===== RECORDS TO USE =====

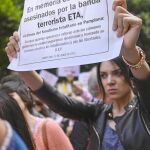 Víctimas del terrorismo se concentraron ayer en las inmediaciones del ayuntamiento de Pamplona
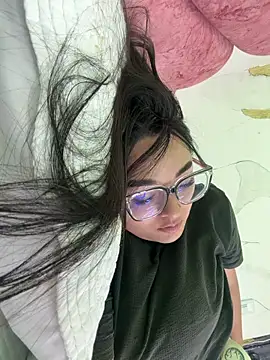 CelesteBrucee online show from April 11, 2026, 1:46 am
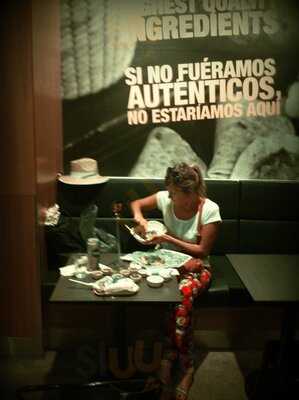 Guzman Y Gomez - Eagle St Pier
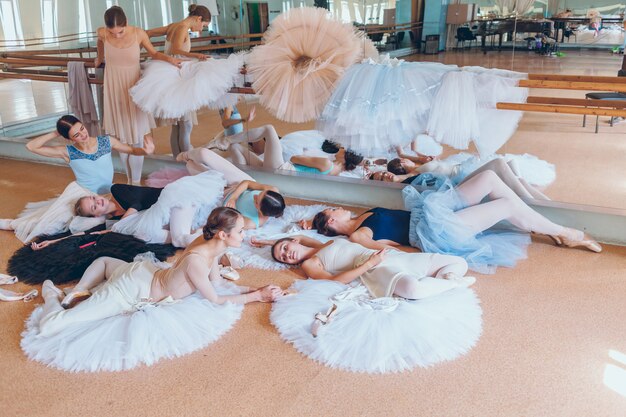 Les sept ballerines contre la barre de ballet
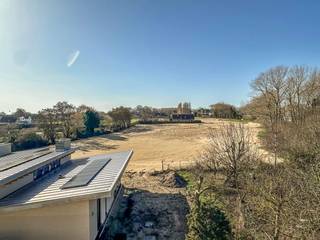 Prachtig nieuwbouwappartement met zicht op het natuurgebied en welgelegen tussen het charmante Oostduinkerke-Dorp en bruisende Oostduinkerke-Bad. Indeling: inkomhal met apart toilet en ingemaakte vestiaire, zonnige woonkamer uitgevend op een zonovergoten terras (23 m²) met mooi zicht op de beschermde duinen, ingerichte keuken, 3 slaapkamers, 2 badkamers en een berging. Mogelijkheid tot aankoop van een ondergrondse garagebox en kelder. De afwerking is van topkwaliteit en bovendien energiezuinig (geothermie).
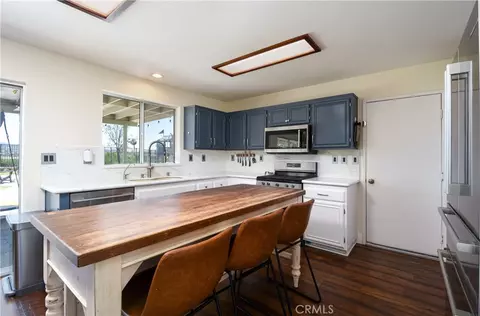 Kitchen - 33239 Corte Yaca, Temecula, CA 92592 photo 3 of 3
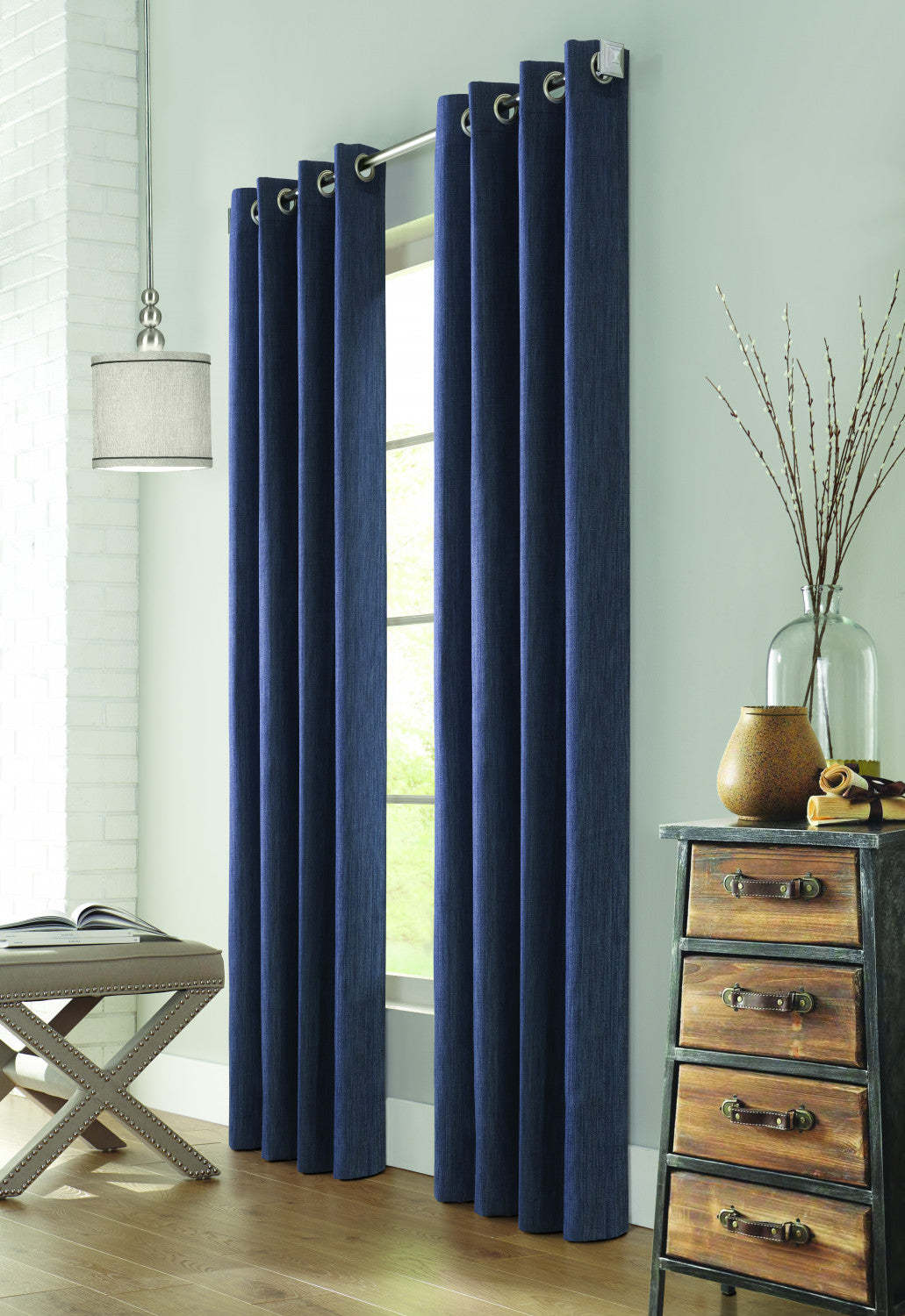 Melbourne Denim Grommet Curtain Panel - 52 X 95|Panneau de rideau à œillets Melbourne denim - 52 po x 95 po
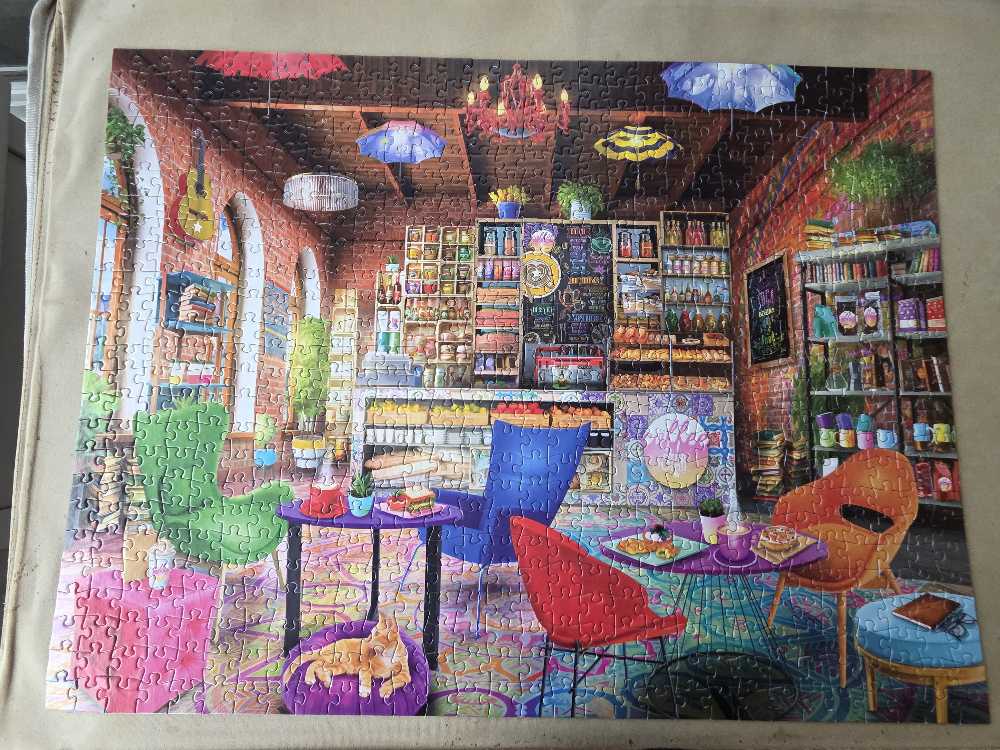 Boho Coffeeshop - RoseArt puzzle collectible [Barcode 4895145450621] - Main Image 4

=====

§ WORK TO BE COMPLETED: Omit the pictures; restate every entry word for word.

§ EXERCISE SOLUTION:
 Víctimas del terrorismo se concentraron ayer en las inmediaciones del ayuntamiento de Pamplona
 CelesteBrucee online show from April 11, 2026, 1:46 am
 Guzman Y Gomez - Eagle St Pier
 Les sept ballerines contre la barre de ballet
 Prachtig nieuwbouwappartement met zicht op het natuurgebied en welgelegen tussen het charmante Oostduinkerke-Dorp en bruisende Oostduinkerke-Bad. Indeling: inkomhal met apart toilet en ingemaakte vestiaire, zonnige woonkamer uitgevend op een zonovergoten terras (23 m²) met mooi zicht op de beschermde duinen, ingerichte keuken, 3 slaapkamers, 2 badkamers en een berging. Mogelijkheid tot aankoop van een ondergrondse garagebox en kelder. De afwerking is van topkwaliteit en bovendien energiezuinig (geothermie).
 Kitchen - 33239 Corte Yaca, Temecula, CA 92592 photo 3 of 3
 Melbourne Denim Grommet Curtain Panel - 52 X 95|Panneau de rideau à œillets Melbourne denim - 52 po x 95 po
 Boho Coffeeshop - RoseArt puzzle collectible [Barcode 4895145450621] - Main Image 4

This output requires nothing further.